\name{ProjectionBasedClustering-package}
\Rdversion{1.1}
\alias{ProjectionBasedClustering-package}

\docType{package}
\title{
Projection Based Clustering
}
\description{
The package is based on a conference talk [Thrun/Ultsch, 2017], see <DOI:10.13140/RG.2.2.13124.53124>. The abstract follows:

Many data mining methods rely on some concept of the dissimilarity between pieces of information encoded in the data of interest. These methods can be used for cluster analysis. However, no generally accepted definition of clusters exists in the literature [Hennig et al., 2015]. Here, consistent with Bouveyron et al., it is assumed that a cluster is a group of similar objects [Bouveyron et al., 2012]. The clusters are called natural because they do not require a dissection; instead, they are clearly separated in the data [Duda et al., 2001,  Theodoridis/Koutroumbas, 2009,  pp. 579, 600]. These clusters can be identified by distance or density based high-dimensional structures. 
Dimensionality reduction techniques are able to reduce the dimensions of the input space to facilitate the exploration of structures in high-dimensional data. If they are used for visualization, they are called projection methods. The generalized U*-matrix technique is applicable for these and can be used to visualize both distance- and density-based structures [Thrun 2018; Ultsch/Thrun, 2017]. The idea that the abstract U*-matrix (AU-matrix) can be used for clustering [Ultsch et al., 2016]. The distances required for hierarchical clustering are defined by the AU-matrix [Lötsch/Ultsch, 2014]. Using this distance we propose a clustering approach for every projection method based on the U*-matrix visualization of a topographic map [Thrun 2018; Thrun/Ultsch, 2017]. The number of clusters and the cluster structure can be estimated by counting the valleys in a topographic map  [Thrun et al., 2016]. If the number of clusters and the clustering method are chosen correctly, then the clusters will be well separated by mountains in the visualization. Outliers are represented as volcanoes and can be interactively marked in the visualization after the automated clustering process.
}
\details{
A comparison of the Pswarm projection method [Thrun, 2018] using projection based clustering to 26 common clustering algorithms is provided in \url{http://www.deepbionics.org/Projects/ClusteringAlgorithms.html}.

}
\author{
Michael Thrun, Felix Pape, Florian Lerch, Tim Schreier, Luis Winckelmann
}
\note{
If you want to verifiy your clustering result externally, you can use \code{Heatmap} or \code{SilhouettePlot} of the CRAN package \code{DataVisualizations}.

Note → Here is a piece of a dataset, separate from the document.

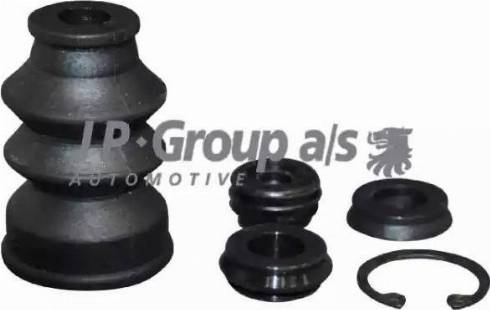 JP Group 1130650210 - Repair Kit, clutch master cylinder car-mod.net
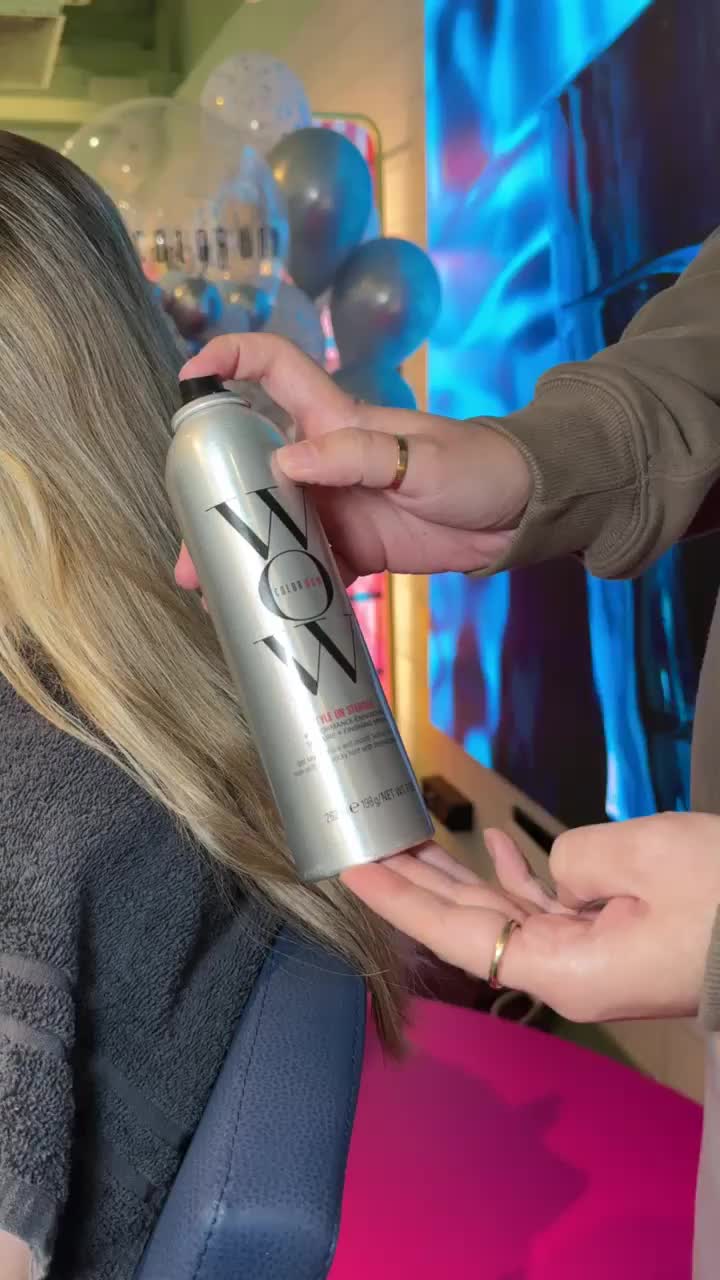 Användarvideo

Additionally you can use the standard \code{ShepardScatterPlot} or the better approach through the \code{ShepardDensityPlot} of the CRAN package \code{DataVisualizations}.
}
\references{
[Thrun/Ultsch, 2017] Thrun, M.C., Ultsch, A.: Projection based Clustering, Conf. Int. Federation of Classification Societies (IFCS),DOI:10.13140/RG.2.2.13124.53124, Tokyo, 2017.

[Bouveyron et al., 2012]  Bouveyron, C., Hammer, B., & Villmann, T.: Recent developments in clustering algorithms, Proc. ESANN, Citeseer, 2012.

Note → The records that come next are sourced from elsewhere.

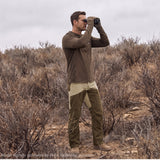 #color_khaki-brown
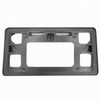 LICENSE PLATE BRACKET FR   REPLACEMENT FOR HONDA ODYSSEY 2013 PARTSLINK NUMBER  HO1068115
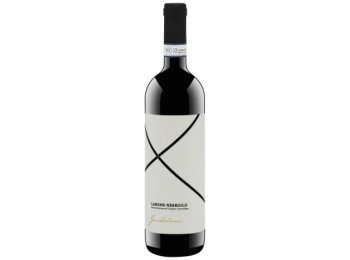 Langhe Nebbiolo DOC Guidobono 2023 75 cl CARx6
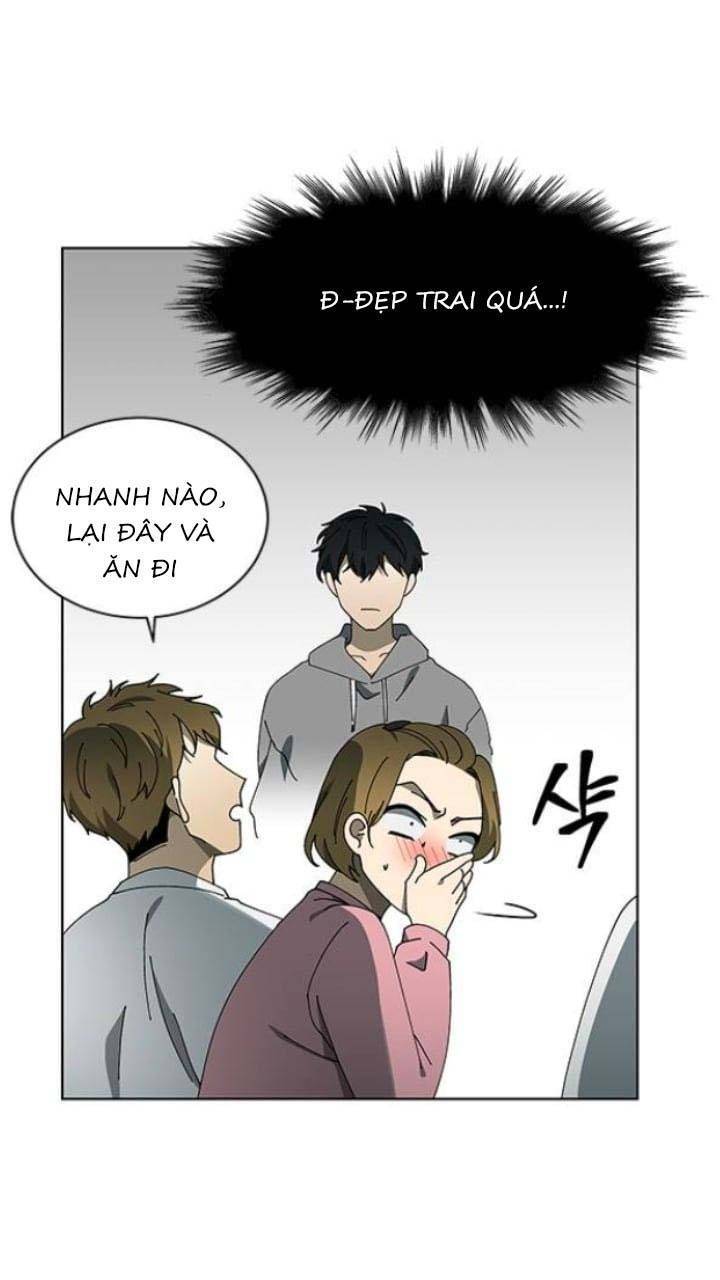 Nó Là Của Tôi Chapter 103 - 11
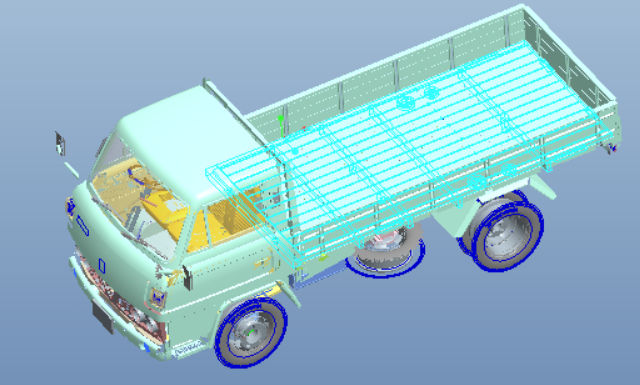 ͿSOLIDWORKS 3Dģ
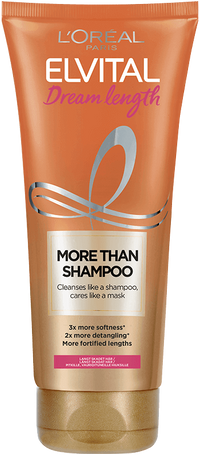 SuperBlowdry Cream 150ml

[Duda et al., 2001]  Duda, R. O., Hart, P. E., & Stork, D. G.: Pattern classification, (Second Edition ed.), Ney York, USA, John Wiley & Sons, ISBN: 0-471-05669-3, 2001.

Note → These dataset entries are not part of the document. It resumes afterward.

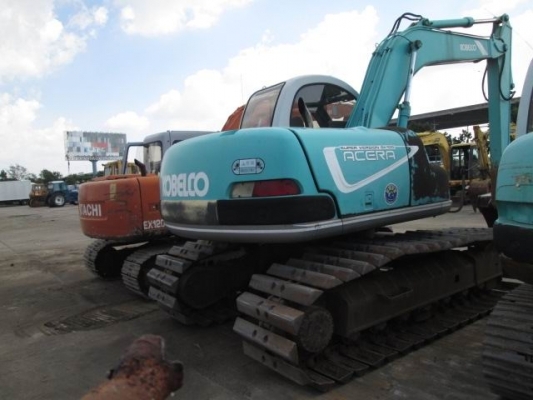 100 แอวสวยจัด ราคาถูกเก่านอก แขนยาว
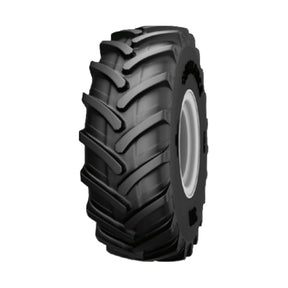 750_65R26166A8Alliance360SuperPowerDriveStubbleGuardTL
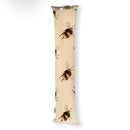 Draught Excluder - Tapestry Bees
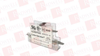 Auxiliary Contact - 5338705 - Radwell International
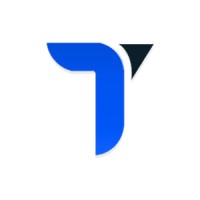 Teqzero logo - Similar company to Aitiger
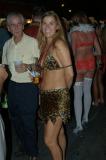 DSC_1784.JPG
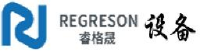 深圳市睿格晟设备有限公司_企业Logo
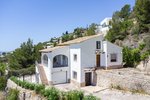 Thumbnail 29 van Villa te koop in Benissa / Spanje #60127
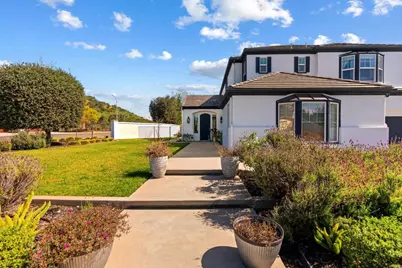 701 Leeward Avenue, San Marcos, CA 92078 - Photo 10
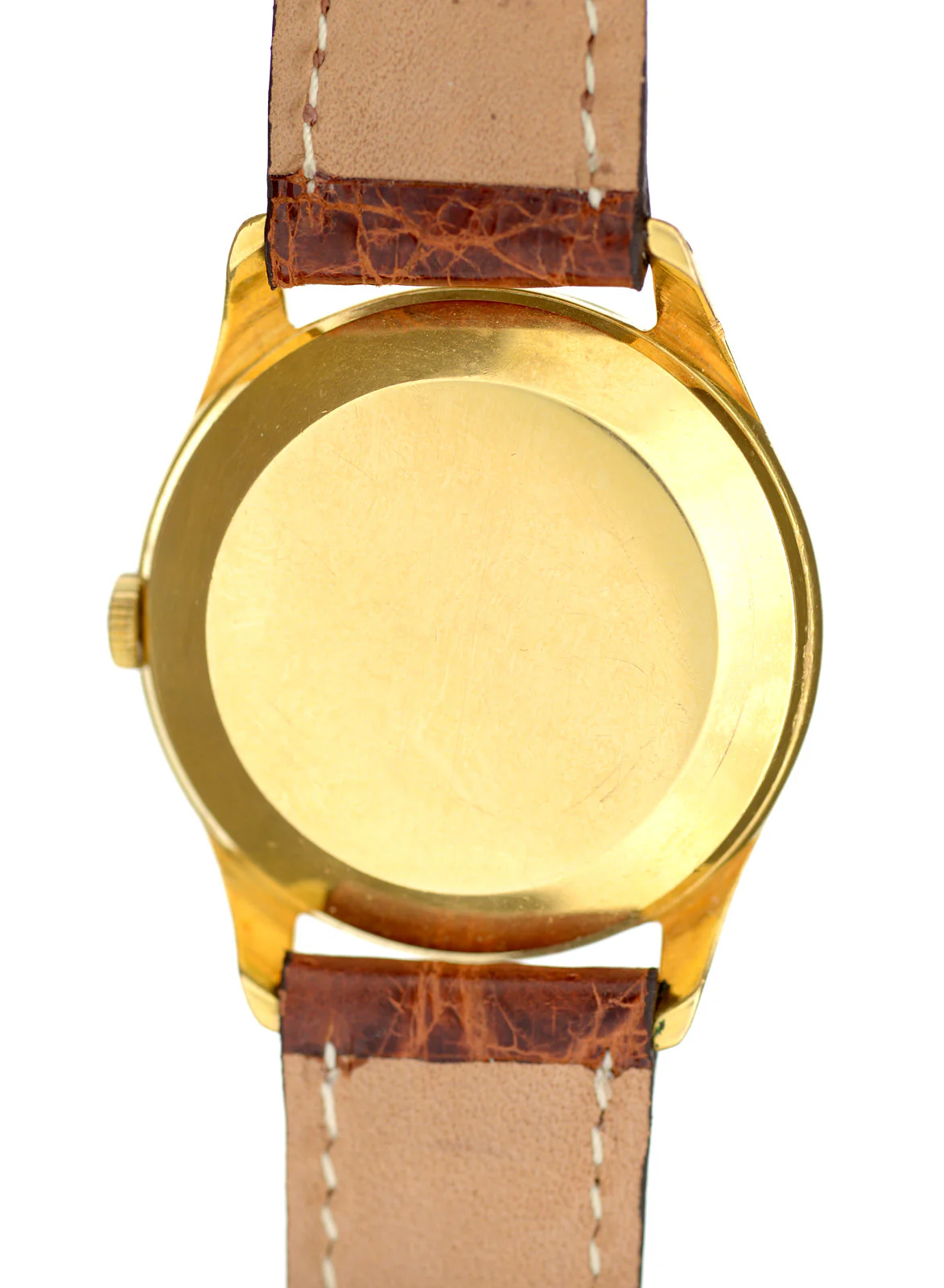 Omega chronometer - Image 3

[Hennig et al., 2015]  Hennig, C., Meila, M., Murtagh, F., & Rocci, R.: Handbook of cluster analysis, New York, USA, CRC Press, ISBN: 9781466551893, 2015.

[Lötsch/Ultsch, 2014]  Lötsch, J., & Ultsch, A.: Exploiting the Structures of the U-Matrix, in Villmann, T., Schleif, F.-M., Kaden, M. & Lange, M. (eds.), Proc. Advances in Self-Organizing Maps and Learning Vector Quantization, pp. 249-257, Springer International Publishing, Mittweida, Germany, 2014.

[Theodoridis/Koutroumbas, 2009]  Theodoridis, S., & Koutroumbas, K.: Pattern Recognition, (Fourth Edition ed.), Canada, Elsevier, ISBN: 978-1-59749-272-0, 2009.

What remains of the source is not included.